Lately Rigel has seen big sales increases for a few of its drugs, notably Tavelisse, which combats a condition in which the body's immune system attacks its own blood platelets. The shares have more than doubled this year, but still trade at about seven times earnings.

Oshkosh [OSK]

Oshkosh Corp., based in Oshkosh, Wisconsin, is an industrial conglomerate. Two of its business lines that seem promising to me now are military transport vehicles and aerial lift platforms.

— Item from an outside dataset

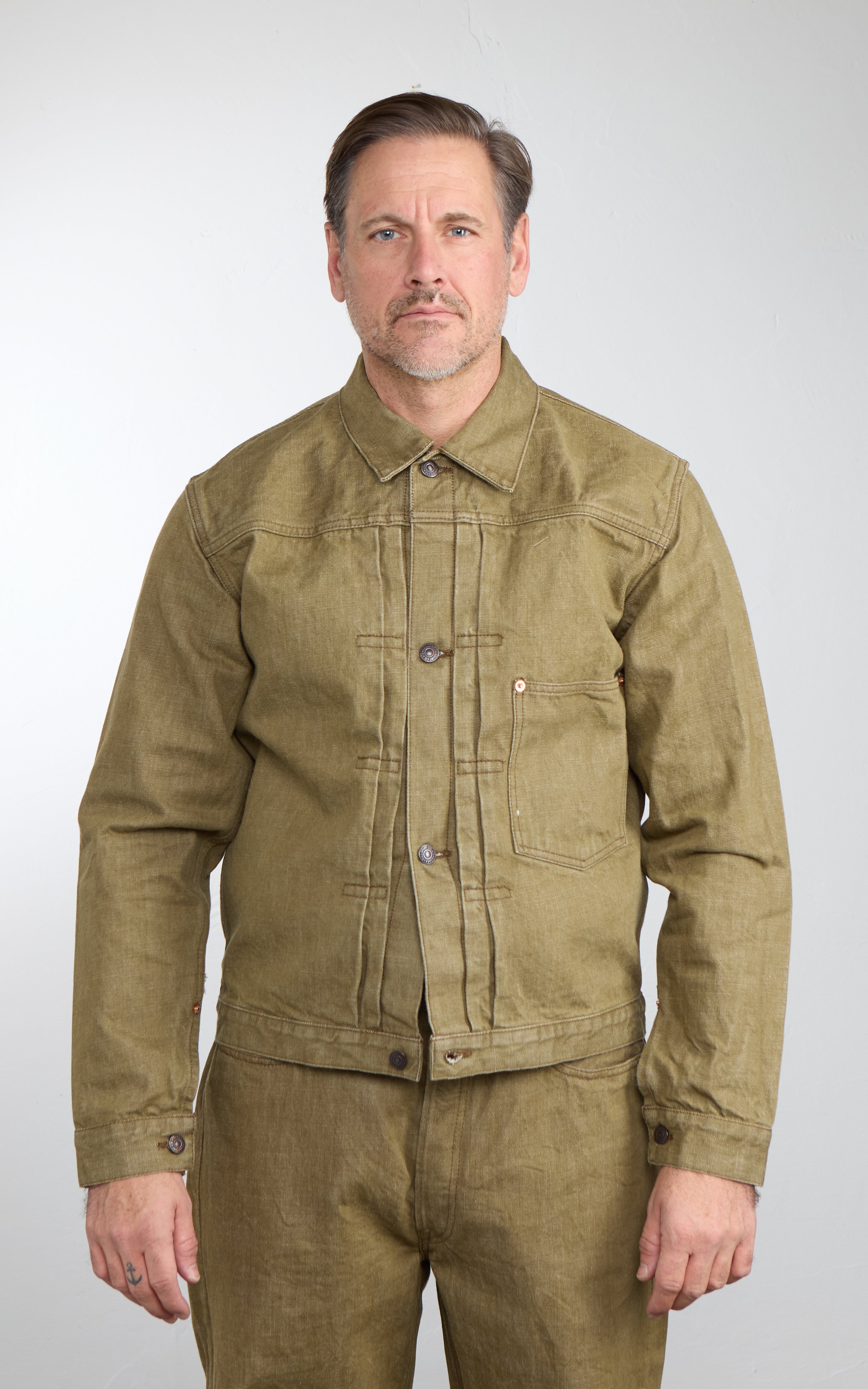 Fullcount 2107OD Type 1 Selvedge Denim Jacket Olive Drab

Less promising are units that depend on municipal and state governments as customers: fire engines and garbage trucks, for example. The stock, up 48% this year, sells for 14 times earnings.

Performance

The column you're reading is the 47th one I've written on stocks with both value and momentum. The average one-year return (on 45 columns) has been 12.3%, beating the S&P 500 Total Return Index at 10.8%.

Bear in mind that my column results are hypothetical and shouldn't be confused with results I obtain for clients. Also, past performance doesn't predict the future.

My picks in this series have been profitable 30 times out of 45, and have beaten the index 23 times.

My selections from a year ago were unsuccessful. I recommended four stocks. Two rose and two fell. Overall, my return was a loss of 5.7%, while the S&P returned 14.0%. The worst loser was Miller Industries Inc. [MLR], which declined 33%.